Homegrown solutions to various country development challenges is a good idea, participants at the just concluded 12th national dialogue locally known as Umushyikirano said.
Homegrown solutions to various country development challenges is a good idea, participants at the just concluded 12th national dialogue locally known as Umushyikirano said.
Dr Carlos Lopes, Executive Secretary of Uneca, told the forum that the countries that show resilience in transforming their economies cannot wait for "favourable winds.”
Often, he said, they generate their own winds to sail through, sometimes, stormy weather, in order to change the course of their economic and social history.
Dr Lopes acknowledged that most of the country’s current successes hinge on Rwanda’s belief on the power of its ideas, self-reliance, resilience, as well as embracing homegrown and innovative solutions such as the widely acclaimed Gacaca, Imihigo, Abunzi, Ubudehe, and Girinka.
Though the winds may not be favourable, he said, the national dialogue offers a unique opportunity to fully explore possibilities for a dynamic and resilient Rwanda.
Rwandans were, among others, reminded of the essence of home grown solutions such as Umuganda, or community work.
Dr Lopes cited Finland – a Nordic country in Northern Europe – which he said seized the opportunity in the global electronics industry and the process of European integration to accomplish a significant structural change of its economy.
He noted that Finland remained relatively poor and agrarian until after World War II but at the beginning of the 19th century, the semi-autonomous Grand Duchy, a dependency of the Russian Empire observed the benefits of industrialisation in Britain.
Finland, he said, was not equipped with the financial, infrastructural or entrepreneurial resources to follow the British example but through a concerted political process, it transformed from an agrarian to an industrial society despite all odds.
Rwanda’s creativity
Dr Lopes said Rwanda’s creativity can be its ability to create hives of collaboration and innovation between public, private and research and development institutions.
In other words, dynamic clusters around its natural resource based economy is a lesson Rwanda can learn from, he said.

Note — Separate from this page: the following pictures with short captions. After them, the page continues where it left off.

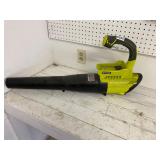 Ryobi 40 v blower - no battery or charger
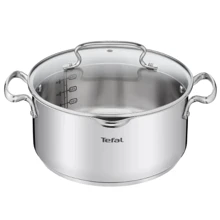 Кастрюля Tefal DUETTO 5 л (G7194655): Тип Традиционная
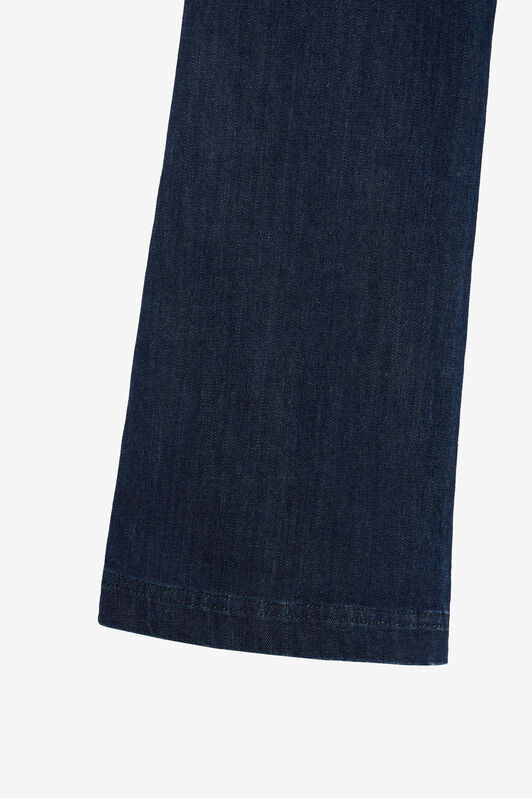 JU Medium Blue Jeans in Stretch Denim MEDIUM BLUE VJJ20B-DS015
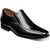 Florsheim Postino Bike Toe Slip-On Smooth Black Men's Dress Shoes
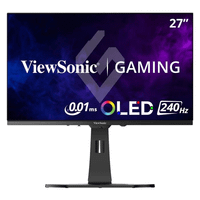 monitor viewsonic 27 qhd oled 002ms 240hz hdr10 hdmi dp usb-c usb multi ergo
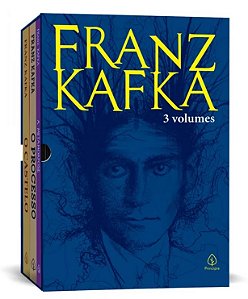 Box com 3 Livros - Franz Kafka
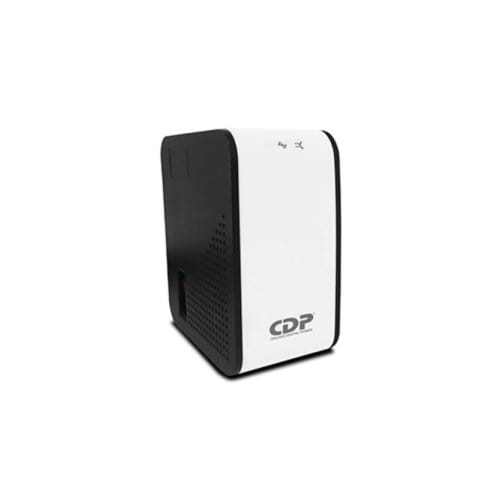Regulador de Voltaje R2C-AVR 1008, 1000VA/500W. Monofásico, Voltaje nominal de 120VCA, Rango de frecuencia 50/60Hz, 8 cont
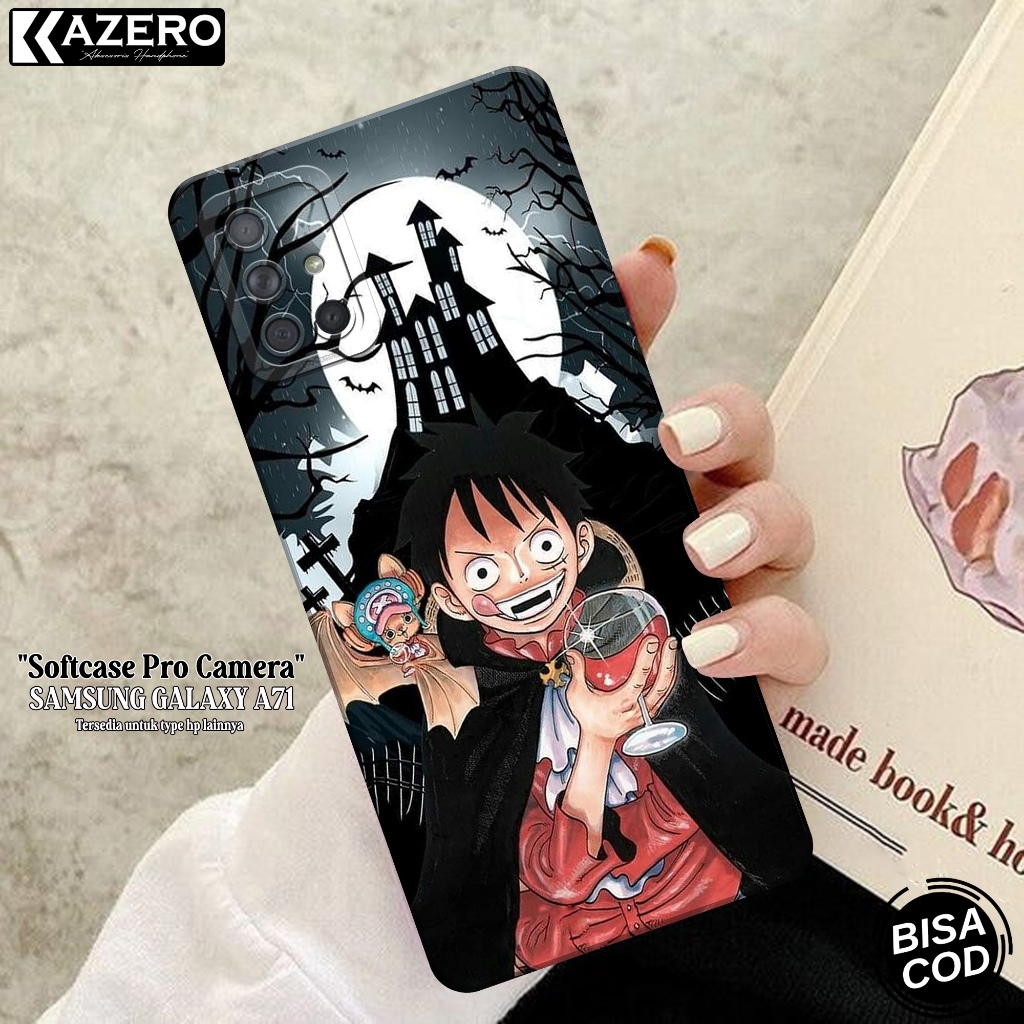 Kesing Hp Samsung Galaxy A71 Case Anime -Case Samsung Galaxy A71 - Casing Samsung Galaxy A71 - Softc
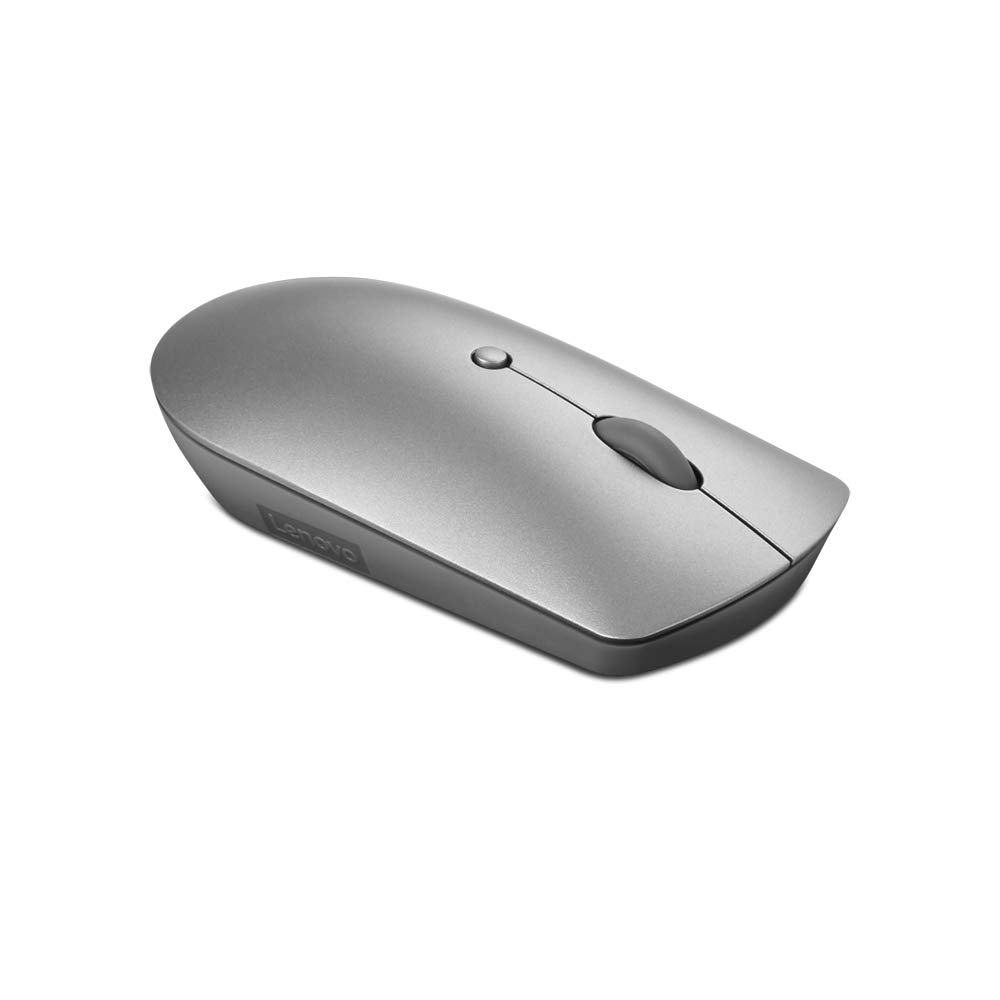 Lenovo 600 Bluetooth, Silent Mouse, Portable, Dongle-Free Multi-Device connectivity via Bluetooth 5.0 with Microsoft Swift Pair | DPI up to 2400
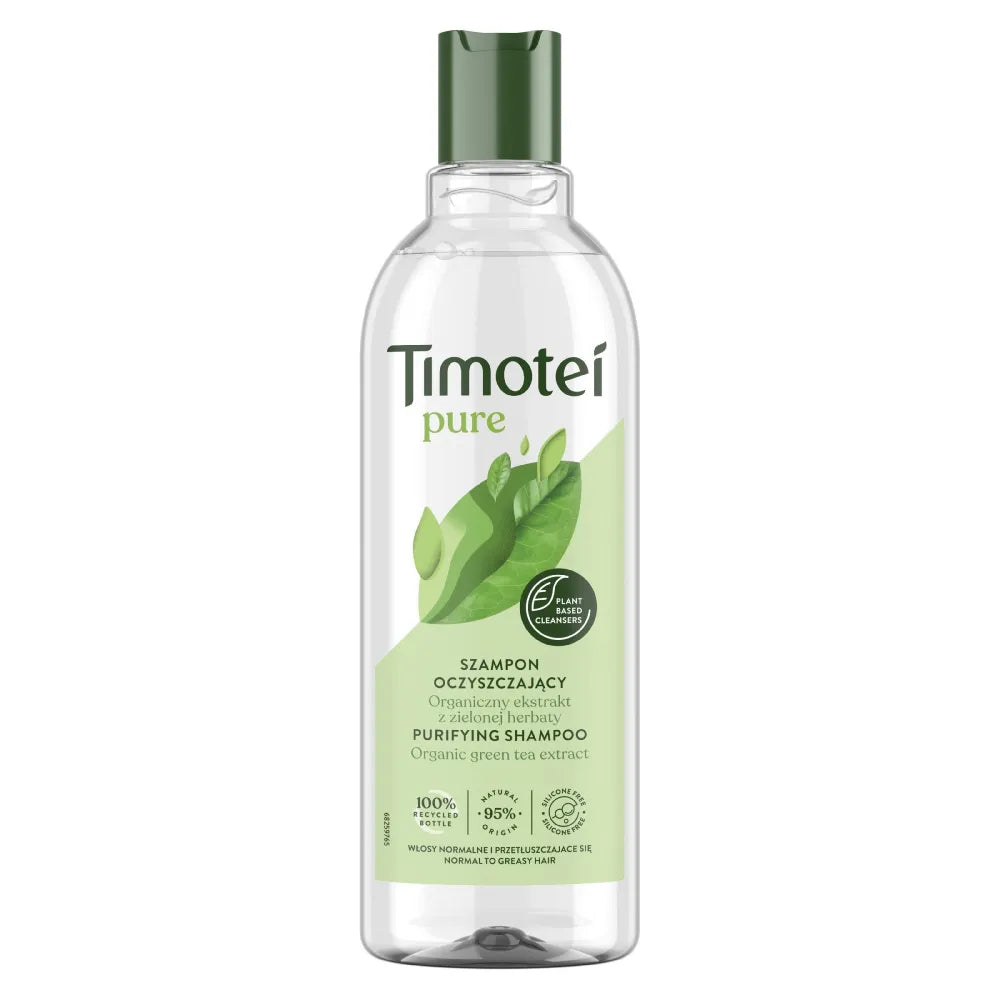TIMOTEI Cleansing Shampoo 400 ml - Kosmetika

"Your new National Science, Technology and Innovation policy and the establishment of the Rwanda Innovation Endowment Fund (RIEF) create an environment in which government policies and institutions as well as corporate strategies mutually shape each other to support the country’s economic and institutional transformation,” Dr Lopes said. Foreign solutions
Dr Alphonse Muleefu, a lecturer at the University of Rwanda (UR), told The New Times that solutions from other places can work in Rwanda just as solutions initiated in Rwanda can work elsewhere, "so long as those solutions are contextualised.”
"Solutions developed in Rwanda make more sense for Rwandan problems bacause they are easily understandable, and are less costly such as the use of local knowledge and expertise,” Dr Muleefu said.
"The success of home grown solutions requires a dynamic leadership willing to change according to prevailing circumstances,” he added.
During the Dialogue in Parliament, Andrew Mwenda, a Ugandan journalist and founder of The Independent magazine, made a presentation on why the country should rely on homegrown solutions.
A good illustration, he noted, is best captured by how the international community failed Rwanda during the 1994 Genocide against the Tutsi, 20 years ago, but Rwandans stopped it and moved on.
"I do not know how I can capture for you the scale of disaster that would have befallen this country had an international force, let me call it an American army, come here and stopped the Genocide,” Mwenda said.
"The international community would have dictated the terms of a political settlement in this country and this would have been disastrous,” he added.
Mwenda said he could not imagine the resultant state of affairs, perhaps the international community would have forced a ceasefire with the genocidal regime, or a government of ‘national unity’ comprising killers and the victims, or organised multi-party elections immediately after the Genocide.